In 2024, we will see new cybersecurity legislation being implemented and - technological - developments following each other even faster. Being able to rely on the internet is crucial for companies and our society, and fending off cyber attacks competently is confidence essential in this regard.
Ingolf Rauh, head of product and innovation management at Swisscom Trust ServicesIngolf Rauh, head of product and innovation management at Swisscom Trust Services, sees four trends to combat cyber threats and thus ensure trust in the digital world.
1 - New regulations: NIS2 and DORA
NIS2 (Network and Information Security 2) goes further than its predecessor by adopting a broader scope, stricter security standards and incident reporting requirements. The new legislation aims to harmonise cybersecurity requirements for critical infrastructures, while DORA (Digital Operational Resilience Act) emphasises operational resilience in the financial sector. In particular, both regulations hold broader supply chains accountable and establish obligations for software vendors. NIS2 is a directive that must be transposed into national law by October 2024. However, each EU country can implement the directive differently, creating challenges for multinationals such as banks.
On the other hand, DORA is an EU regulation that is expected to take immediate effect in member states in 2025. DORA focuses on operational stability in the financial sector to withstand a cyber attack so that financial services remain available.
Companies should familiarize themselves with this new regulation early on, as non-compliance could cause problems, especially with regard to NIS2, where the audit competence in the Netherlands lies with the AFM. It has already been announced that compliance will be actively monitored. Article 46 of DORA implies that several authorities will monitor compliance - ideally the ECB.

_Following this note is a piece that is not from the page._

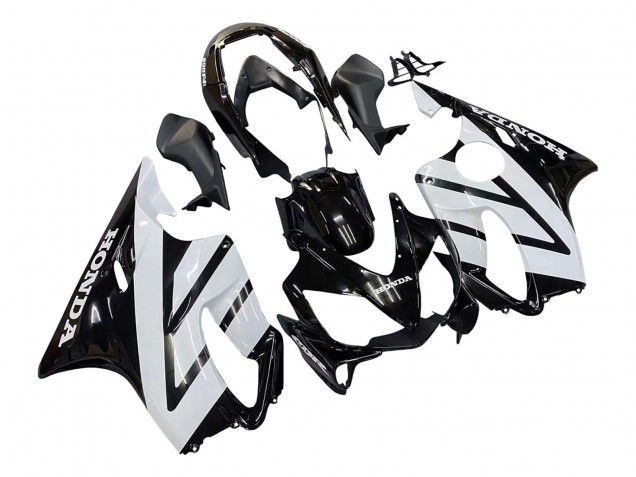 Carenagens Moto Honda CBR600 F4i 2004-2007 - Branco Preto Brilhante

2 - eIDAS 2.0 and EU digital wallets
In February 2024, the EU Parliament will vote on a regulation to introduce digital wallets, or, digital wallets. If the bill passes both the Parliament and the European Council, the regulation could come into force as early as spring 2024. The proposal states that all 27 member states should offer their citizens a digital wallet for electronic identification by 2026. By 2030, the European Commission wants 80% of the EU population to have such a Confidence wallet, but critics, including data protection advocates and security experts, worry about compromising the anonymous use of digital services.
3 - Digital signature is legally valid
The requirements of the eIDAS Regulation have been incorporated into the Civil Code in the Netherlands. This establishes a legal framework for so-called trust services such as an electronic signature. With the introduction of eIDAS, electronic signatures are accepted as legally valid evidence. An electronic signature not only speeds up a contract process, for example, but also saves a company costs. And they are also as valid as handwritten signatures in almost all cases. Just make sure to use an advanced digital signature or a qualified electronic signature.
4 - Post-Quantum cryptography
Quantum computing regularly makes the news and the technology is approaching practical use. It is difficult to estimate when this superior computing power will become widely available, but it seems a matter of time. Once the technology is available, it will inevitably also fall into the wrong hands, allowing criminals to use it to crack encryptions previously considered secure. Quantum computing enables the use of new confidence algorithms, which significantly reduce the computation time for solving complex mathematical problems used in cryptography.
This means that new algorithms for encryption are needed that are complex enough to withstand attacks from quantum computers. IT security and trust service providers today need to design their hardware and software to incorporate new, quantum-resistant algorithms in the future.